To understand the sale technique, it is first necessary to review valuation discount planning. For transfer tax purposes, the fair market value of an asset is the price a willing buyer would pay a willing seller for the asset.18 Under the willing buyer-willing seller test, it is often possible to position the assets in such a way that their value is significantly reduced. Although there are a number of methods to arrange the assets to reduce their value for transfer tax purposes, the most popular method is to contribute the assets to a family limited partnership (FLP).

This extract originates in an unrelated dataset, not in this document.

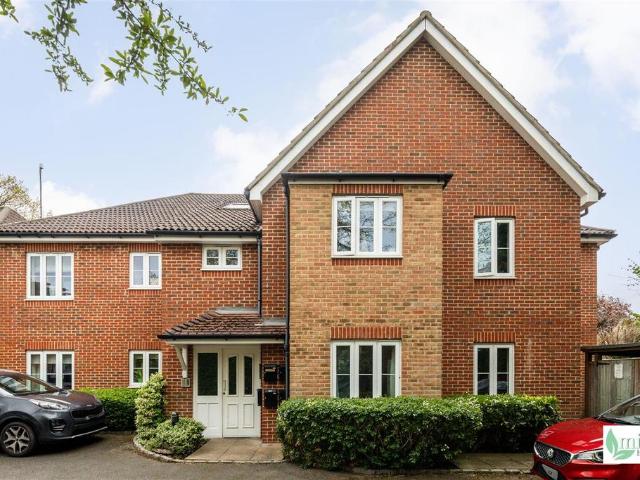 Flat for sale in Row Town, Surrey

A FLP is a limited partnership among family members or trusts for their benefit.19 The general partners have control; the limited partners have no control. The limited partnership interests can be transferred at a discount from the pro-rata value of the partnership's underlying assets since they are nonvoting interests in a closely held entity. Two principal discounts apply in valuing a limited partnership interest: a minority interest discount and a lack of marketability discount. The minority interest discount is applied because limited partnership interests have no voting power. The lack of marketability discount is applied because a partnership interest in a closely held entity does not have a ready market and because of transferability restrictions included in the partnership agreement.

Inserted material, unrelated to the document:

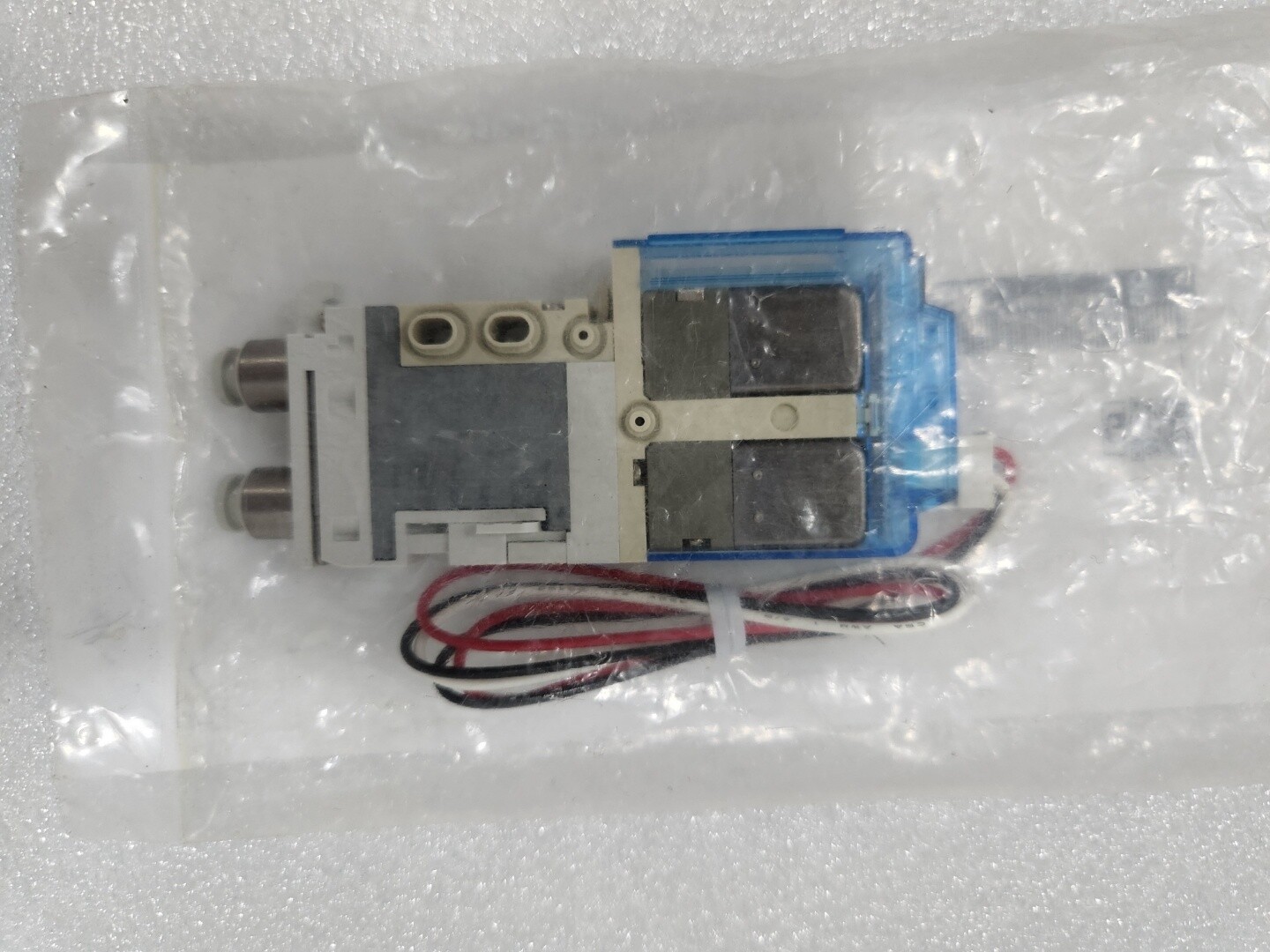 New SMC VALVE ,SOL, PLUG-IN SJ3260N-5MZ-C4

Using the facts from Opportunity Shifting Example #2, assume Wife contributes $1.98 million worth of assets and Husband contributes $20,000 worth of assets to a FLP. In exchange for the $2 million worth of assets, Wife receives a 1 percent general partnership interest and a 98 percent limited partnership interest, and Husband receives a 1 percent limited partnership interest. If Wife were to sell a 90 percent limited partnership interest -- without considering the willing buyer-willing seller definition of fair market value -- one might conclude that the fair sales price would be 90 percent of $2 million (i.e., $1.8 million). However, due to the minority interest and marketability discounts, a qualified appraisal might show that the fair market value is closer to only $1 million.20 Estate planners frequently use discounts to leverage the amount that the client may gift.

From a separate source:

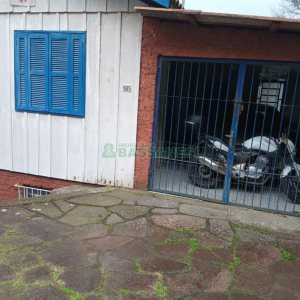 Casa com 164m², 2 dormitórios, -4 vaga, no bairro Madureira em Caxias do Sul para Comprar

An asset worth $1 million certainly may be sold by the grantor to a defective trust in exchange for $1 million cash without any income tax ramifications.21 Similarly, assuming a 44.44 percent discount, limited partnership interests with a nondiscounted pro-rata value of $1.8 million can also be sold to a defective trust for $1 million cash without any income tax ramifications.
The sale of assets at a discount is significantly enhanced by leveraging the sale using a deferred payment. The interest-only installment sale with a balloon payment will be illustrated herein, but a private annuity or a self-canceling installment note might also be considered if the client's situation makes either of these alternatives more favorable. As mentioned previously, the general rule of thumb used by estate planners is that the trust must have a fair market value of at least 10 percent of the fair market value of the assets being sold to the trust. Thus, no more than a 10 to 1 ratio of assets being sold to assets independently owned by the trust should be used.
The technique is best illustrated by an example. Assume Wife gifts $200,000 to a defective trust for the benefit of her spouse and descendants (or for her descendants only) and allocates $200,000 of gift tax exemption and $200,000 of GST tax exemption to the transfer so that the trust is wholly exempt from transfer taxes. Wife then sells a limited partnership interest with a pro rata value of $1.8 million (and a fair market value of $1 million after a 44.44 percent discount) to the trust in exchange for an interest-only promissory note with a balloon payment of $1 million due after nine years. The sale is for fair market value so that no additional gift tax exemption or GST tax exemption needs to be allocated to the trust.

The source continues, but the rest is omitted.